There were also things I did not like in The World America Made. The conclusions were a little too subjective and relied too heavily upon an emotional reaction. I looked Kagan and his book up after reading and found that was a common criticism of The World America Made. A lot of the criticism about the book seemed based more upon the author than his writing. Naturally, I did some reading to find out why. Kagan has been an advisor to Sen. John McCain and served on a foreign policy panel for Secretaries of State Hillary Clinton and John Kerry. In fact, this book is said to have influenced President Obama’s 2012 State of the Union Address. The fact the both parties values his opinions spoke highly of him.
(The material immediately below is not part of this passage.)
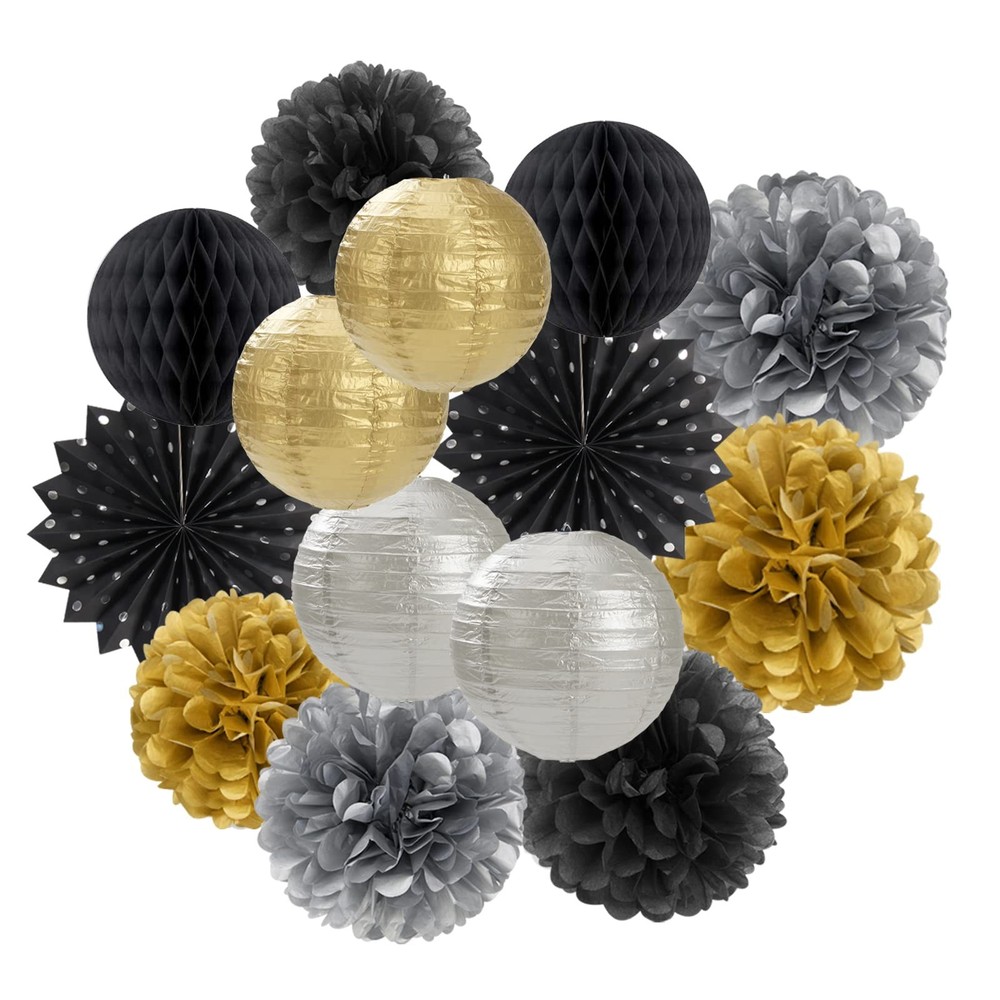 14 PCS Black Gold Silver Streamers Lanterns Paper Fan Pom Poms Party Decor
The first sentence about Kagan on his wikipedia page states that he is a neoconservative. Now, in all fairness, I only loosely understood the title as I started his bio but I remember that back in college I was debating(or arguing I don’t remember) with someone who got mad and called me a “neocon.” I wasn’t sure what it was but there was definitely a pejorative bite to it so I’ve always assumed it was a bad thing to be. So, I now know that a neoconservative is, basically, a left-leaning person who supports a more interventionist foreign policy. The movement grew from Democrats on the 60s and 70s who did not support their party’s foreign policy stance. Many of the policy makers during the President George W. Bush administration could be considered neocons. Some refer to neocons a Reagan Liberals. Neocons could also be called “liberal hawks” which more recently represented Democrats who supported the invasion of Iraq in 2003. Knowing this now, I think that probably did describe me in college. As for the negative connotation of the term, there is a whole section on the pejorative usage of the term neocon on the wikipedia article. I recommend checking it out, it’s a good article and it’s never good to wait 15 years to find out if someone called you a mean name. The book is worth a read too. I think it represents a good starting point for understanding the purpose of foreign policy.